* Entries provided
┌────────

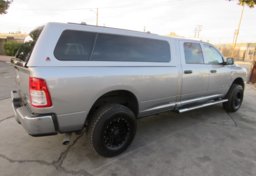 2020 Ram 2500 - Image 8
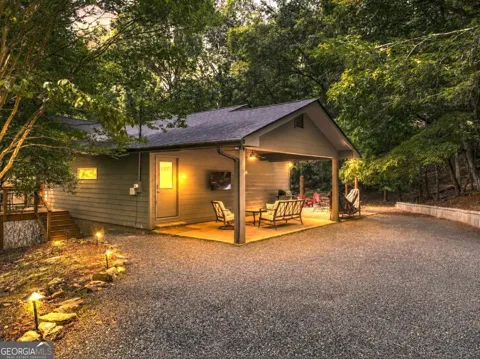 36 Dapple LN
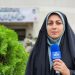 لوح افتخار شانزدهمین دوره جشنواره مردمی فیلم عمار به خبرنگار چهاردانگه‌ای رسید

└────────
┌────────

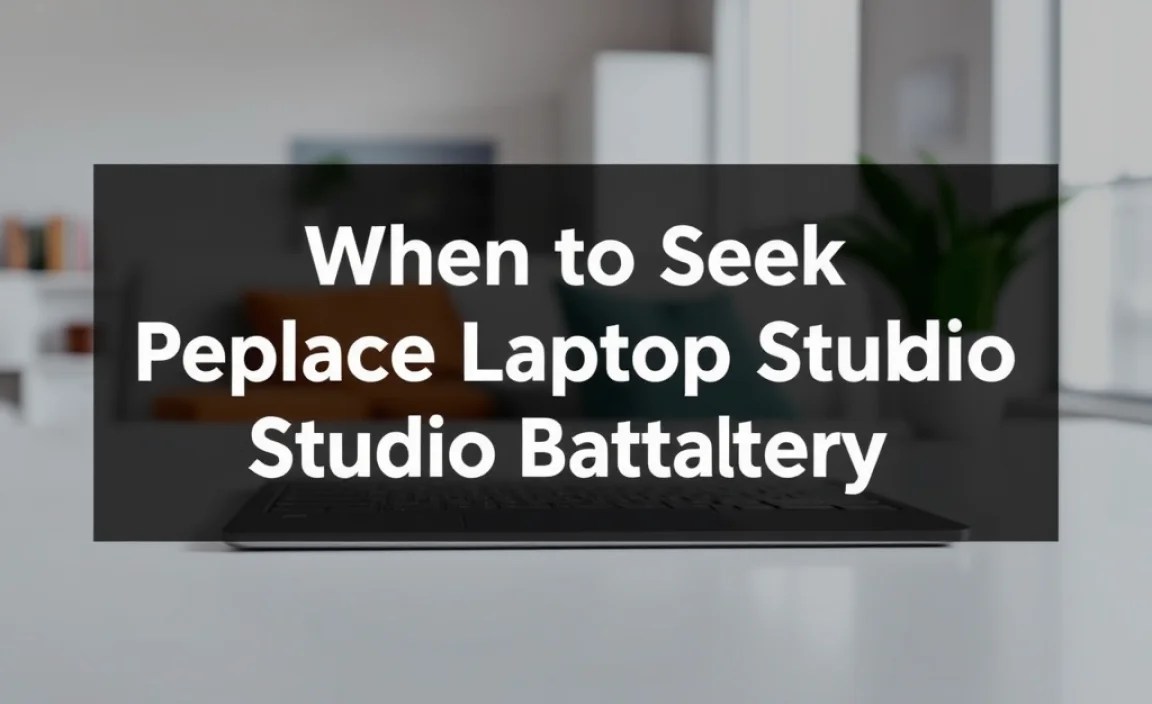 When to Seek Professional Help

└────────
┌────────

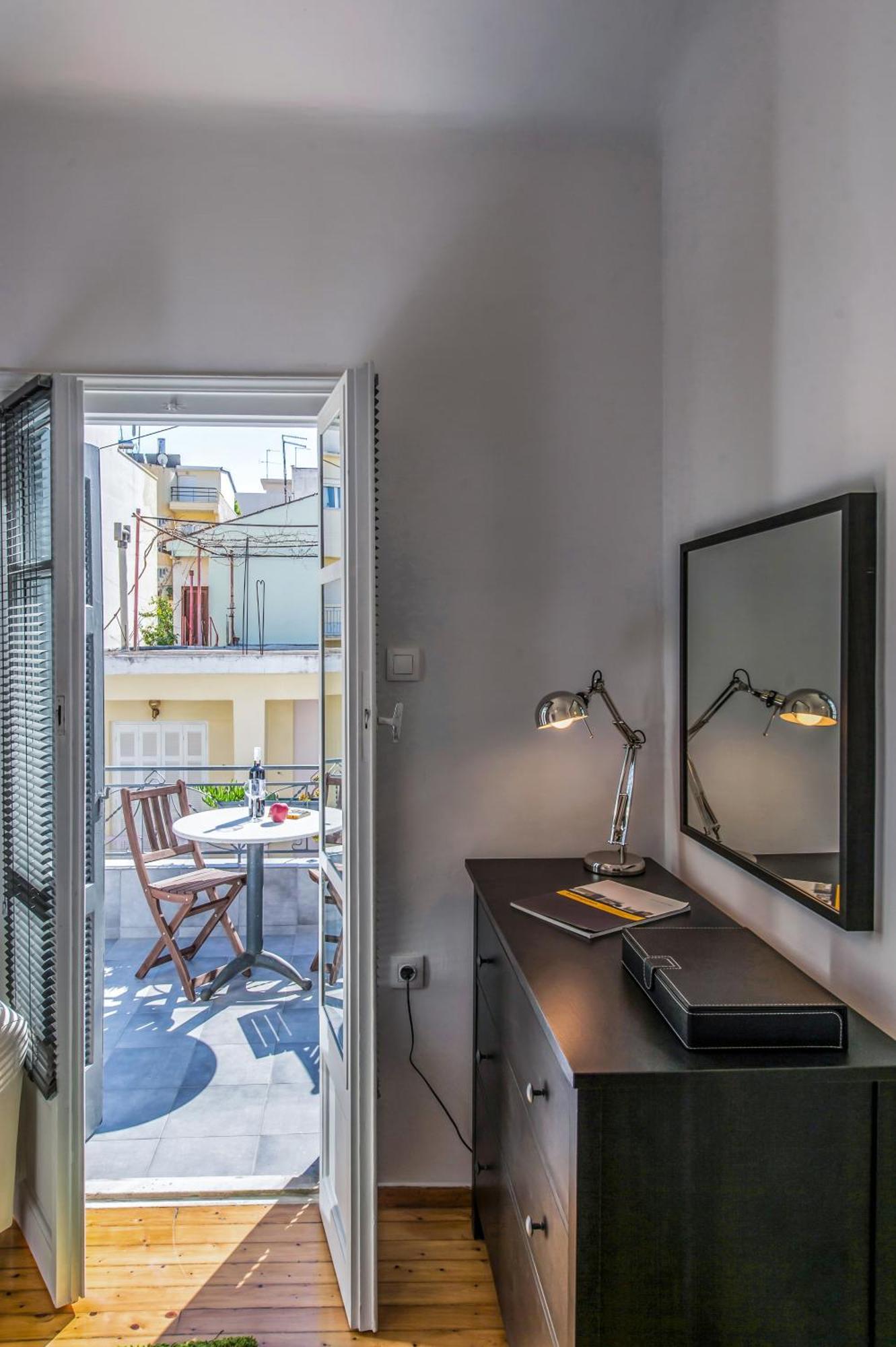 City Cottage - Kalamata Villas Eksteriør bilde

└────────

Could the stretch from the line with "36 Dapple LN" through the line with "لوح افتخار شانزدهمین" in the listing above be restated word for word, minus the pictures?

* Problem solution
 36 Dapple LN
 لوح افتخار شانزدهمین دوره جشنواره مردمی فیلم عمار به خبرنگار چهاردانگه‌ای رسید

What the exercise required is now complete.